Hambre de la “Verdad”

​Cristo ha dicho: “Yo soy la verdad (Jn 14, 6). “Yo he venido, para dar testimonio de la Verdad”, y así lo ha hecho hasta las últimas consecuencias. Pilatos juntamente con el mundo pregunta escéptico: ¿Qué es la Verdad? Yo tengo mi verdad y tú tienes tu verdad, pero la Verdad como algo absoluto, ¿qué es? El mundo dice que nadie puede ir por ahí con presunción y prepotencia monopolizando la Verdad, ni mucho menos hablando en nombre de la verdad como si se tratara de alguien personal. Es fácil aceptar y manejar una multitud de verdades, pero aceptar la unicidad de la Verdad, de una Verdad absoluta, sería lo mismo que reconocer una autoridad única y por tanto multitud de falsedades.

Si no existe la Verdad absoluta, sino verdades, tampoco existen el Bien y el Mal, ni la Justicia, cada cual tiene la suya propia. Tampoco existen el Derecho ni la Ley, sino tantos derechos y leyes como sociedades, grupos y personas viven sobre la Tierra. La Justicia se transforma entonces en el poder del más fuerte, en la dictadura de la mayoría, o en el contubernio de las minorías, lo que equivale a la hipoteca de la justicia por el interés. Entonces, alienada la dignidad de la razón, se exalta el consenso, la incongruencia se traviste de pluralidad, la equidad de tolerancia, y se da carta de ciudadanía a la subversión de los valores. Se cae en la barbarie y se regresa a la ley de la selva.

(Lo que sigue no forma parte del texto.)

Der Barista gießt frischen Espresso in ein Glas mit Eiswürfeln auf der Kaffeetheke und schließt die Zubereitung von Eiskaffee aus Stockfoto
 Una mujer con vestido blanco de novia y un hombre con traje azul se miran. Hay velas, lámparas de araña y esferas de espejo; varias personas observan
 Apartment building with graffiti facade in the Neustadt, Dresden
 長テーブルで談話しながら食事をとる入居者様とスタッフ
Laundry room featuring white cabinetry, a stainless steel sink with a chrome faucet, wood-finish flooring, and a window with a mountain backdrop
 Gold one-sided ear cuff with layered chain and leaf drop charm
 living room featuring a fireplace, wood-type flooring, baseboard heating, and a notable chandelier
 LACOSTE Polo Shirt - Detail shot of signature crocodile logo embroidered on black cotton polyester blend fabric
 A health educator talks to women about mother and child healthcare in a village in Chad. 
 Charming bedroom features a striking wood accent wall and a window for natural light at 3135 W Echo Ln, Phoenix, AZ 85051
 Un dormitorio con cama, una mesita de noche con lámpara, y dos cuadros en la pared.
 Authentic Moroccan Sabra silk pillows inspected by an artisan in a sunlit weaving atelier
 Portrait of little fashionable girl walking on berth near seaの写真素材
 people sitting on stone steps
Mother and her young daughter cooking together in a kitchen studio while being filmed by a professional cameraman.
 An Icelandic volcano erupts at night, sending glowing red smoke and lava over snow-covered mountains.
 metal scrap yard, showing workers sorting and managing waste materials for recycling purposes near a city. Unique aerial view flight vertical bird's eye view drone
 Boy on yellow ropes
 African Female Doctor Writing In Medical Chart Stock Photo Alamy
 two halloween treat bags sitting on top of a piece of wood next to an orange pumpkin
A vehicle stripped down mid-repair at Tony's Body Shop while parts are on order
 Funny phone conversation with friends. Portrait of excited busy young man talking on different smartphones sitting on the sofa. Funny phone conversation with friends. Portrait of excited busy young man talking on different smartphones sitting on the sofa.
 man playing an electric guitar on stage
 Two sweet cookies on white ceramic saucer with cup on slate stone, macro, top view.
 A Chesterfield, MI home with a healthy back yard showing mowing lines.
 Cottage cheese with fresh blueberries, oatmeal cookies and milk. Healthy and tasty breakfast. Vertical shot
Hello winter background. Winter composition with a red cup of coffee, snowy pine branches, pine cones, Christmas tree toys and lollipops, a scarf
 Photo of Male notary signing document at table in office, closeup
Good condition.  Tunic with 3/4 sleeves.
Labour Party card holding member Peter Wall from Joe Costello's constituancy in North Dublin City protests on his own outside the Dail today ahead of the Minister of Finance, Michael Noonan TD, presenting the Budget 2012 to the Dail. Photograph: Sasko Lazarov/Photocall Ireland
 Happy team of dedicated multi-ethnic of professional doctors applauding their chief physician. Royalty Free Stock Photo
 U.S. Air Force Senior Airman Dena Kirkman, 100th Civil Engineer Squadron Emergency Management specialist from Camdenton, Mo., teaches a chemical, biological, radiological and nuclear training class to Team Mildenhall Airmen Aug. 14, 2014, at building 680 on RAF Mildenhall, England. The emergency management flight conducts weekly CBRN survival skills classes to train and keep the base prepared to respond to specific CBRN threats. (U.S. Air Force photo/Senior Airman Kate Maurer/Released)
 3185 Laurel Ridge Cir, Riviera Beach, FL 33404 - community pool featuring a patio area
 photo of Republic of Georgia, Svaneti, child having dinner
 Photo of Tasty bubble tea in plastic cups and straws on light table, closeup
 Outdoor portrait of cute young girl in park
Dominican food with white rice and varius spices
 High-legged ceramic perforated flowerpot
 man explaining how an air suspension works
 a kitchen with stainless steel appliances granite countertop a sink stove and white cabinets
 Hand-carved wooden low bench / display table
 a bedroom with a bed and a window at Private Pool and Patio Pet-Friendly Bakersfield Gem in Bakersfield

​Es fácil aceptar a una multitud de dioses que se disputen sus propias verdades, pero no a un Dios único y personal. La famosa pregunta de Pilatos, más que una cuestión intrascendente de ignorancia o de disputa, es una auténtica profesión de ateísmo. Quizás la confesión fundamental de ateísmo de la humanidad, consista en preguntarse por la Verdad, ignorando el testimonio, central para la fe, dado en la Historia por Cristo: “Yo soy”.

Aceptar consecuentemente el testimonio de Jesucristo, es dejarse  iluminar por la Verdad, que como dijo Juan Pablo II es esplendorosa. La Verdad hace palidecer en la Historia, “las luces”, de las que gusta revestirse quien no puede señorear más que en las tinieblas, para encandilar a quienes rechazan el esplendor de la Cruz de Cristo, testimonio histórico de la Verdad de Dios.

Como dice san Juan: “No amemos de palabra ni de boca sino con obras y según la verdad. En esto conocemos que somos de la verdad (1Jn 3, 19).”

Si Dios es la Verdad y la Vida plena a la que hemos sido llamados en nuestra existencia, el discernimiento debe guiarnos a él, por los caminos de la sabiduría. Nosotros no sólo somos llamados a la esperanza, sino a recibir al Esperado de todos los tiempos, al Prometido a los patriarcas, al Anunciado por los profetas.

Cristo, Verdad del Padre, se nos da como amor del Padre, carne y sangre de vida eterna bajada del cielo que quiere unirnos a sí. Eucaristía celeste que nos abre de par en par sus entrañas aquí en la tierra.

“Llega la hora (ya estamos en ella) en que los adoradores verdaderos adorarán al Padre en Espíritu y en Verdad” (Jn 4,23).